Such position is taken first and foremost because it is considered that political independence of the central bank leads to less inflation.

When the Maastricht Treaty was elaborated in the beginning of 90-th one of these above spoken models had to be chosen and after all the German model prevailed.

There are two reasons why this happened.

The first reason has deep roots that one can call the "monetarist counter-revolution". That means ideas and conceptions that became popular in the 1970s and are still in force in the western countries. In a monetaristic view, public authorities can not constantly lower the unemployment rate below its natural level. They can only do it temporarily. So the natural unemployment rate can be lowered only through appliance of so-called "structural policies" which means introducing more flexibility in the labor market and lowering labor taxes. Hereby, the central bank must occupy itself only with what it can control, particularly the price level. Besides, in accordance with monetarists conceptions the central bank should be protected from political pressures so it have to be independent.

The second reason is strategic position of Germany during evolving of the European monetary union. The German authorities faced the risk of having to accept higher inflation when they entered monetary union. So, in order to accept it, they insisted on having the European Central Bank that gives even higher level of price stability than their own Bundesbank did.
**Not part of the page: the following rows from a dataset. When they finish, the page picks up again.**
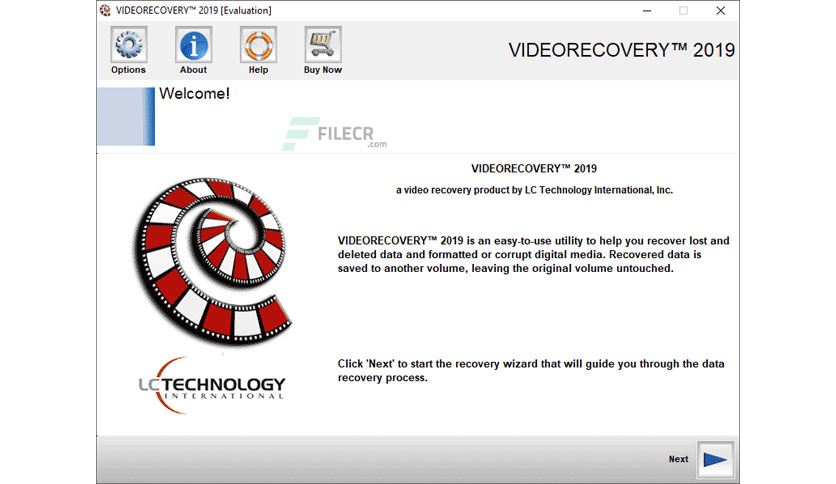 lc-technology-video-recovery-free-download-01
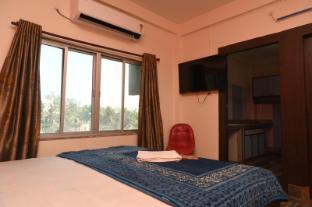 hotel trs royal ruby retreat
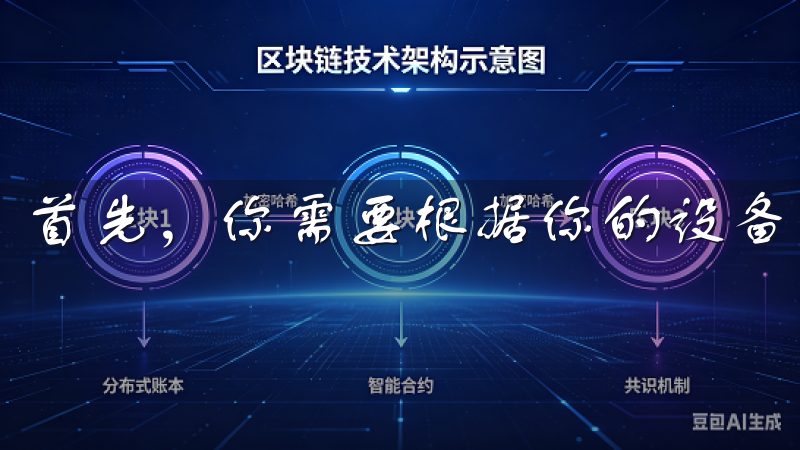 首先，你需要根据你的设备选择下载适合的版本。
So what we can now call the Eurosystem was established due to the articles of the Maastricht Treaty (there is also the Statute of the European System of Central Banks and of the European Central Bank) and consists of the European Central Bank, headquartered in Frankfurt, Germany, and 15 National Central Banks of participant countries. Besides, three countries that are not members the European Monetary Union (Denmark, Sweden and the United Kingdom) are allowed some input into the European System of Central Banks but do not participate in decisions about monetary policy for the "EUROzone".

In this table one can see the percent shares of the NCB's capital in the authorized capital of the European Central Bank:

Austria

2,3663%

Italy

14,9616%

The UK

Belgium

14,7109%

2,8885%

The Netherlands

Portugal

4,2796%

1,9250%

Germany

Greece

Denmark

24,4096%

2,0585%

1,6573%

Finland

France

Sweden

1,3991%

16,8703%

2,6280%

Luxembourg

Ireland

0,1469%

0,8384%

Spain

8,8300%

The governing bodies of the Eurosystem are:

· The Executive Board

· The Governing Council

The Executive Board includes the President, the Vice-President and the four directors of the European Central Bank. Its main responsibilities are to prepare Governing Council meetings, implementation of monetary policy for the EUROzone in accordance with the guidelines specified and decisions taken by the Governing Council, giving the necessary instructions to the EUROzone NCBs, managing the day-to-day business of the European Central Bank.
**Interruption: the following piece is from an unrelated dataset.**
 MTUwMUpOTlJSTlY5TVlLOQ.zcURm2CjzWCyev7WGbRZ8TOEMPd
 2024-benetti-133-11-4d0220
The Governing Council is the main decision-making body of the Eurosystem. It consists of the six members of the Executive Board and the governors of the 15 National Central Banks of the EUROzone countries. The Governing Council formulates monetary policies and takes decisions concerning interest rates, reserve requirements and provision of liquidity into the system. The meetings of this body take place twice a month at the Eurotower in Frankfurt, Germany.

At its first meeting each month, the Governing Council assesses monetary and economic developments and takes its monthly monetary policy decision. At its second meeting, the Council discusses mainly issues related to other tasks and responsibilities of the European Central Bank and the Eurosystem.
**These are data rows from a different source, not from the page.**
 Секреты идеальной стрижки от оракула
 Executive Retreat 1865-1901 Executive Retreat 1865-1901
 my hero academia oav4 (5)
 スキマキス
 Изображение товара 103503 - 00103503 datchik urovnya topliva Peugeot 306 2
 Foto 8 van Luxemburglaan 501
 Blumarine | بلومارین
Each of the members of the Governing Council has one vote. This is unlike the European Council of Ministers for example, but it is considered that the Governing Council should be concerned with the interests of the European Union as a whole and not with the interests of particular member states.

There is also such a body as General Council that comprises of the President and Vice-President of the European Central Bank, plus the governors of the National Central Banks of the 27 European Union member states.

The General Council can be regarded a transitional body. It carries out the tasks taken over from the European Monetary Institute which the European Central Bank is required because of the fact that not all European Union members have adopted the euro yet.

In accordance with the Statute of the European System of Central Banks and of the European Central Bank, the General Council will be dissolved once all the European Union member states have introduced the single currency.

To follow the monetary policy in the European Union and particulary - in the EUROzone (15 EU member countries), European Central Bank has to formulate its priorities in its future actions. This includes the definition of ultimate targets (inflation, output) and intermediate targets. The intermediate targets are actually set to influence the ultimate ones that give to the European Central Bank the opportunity to react on some particular situation more directly and operatively.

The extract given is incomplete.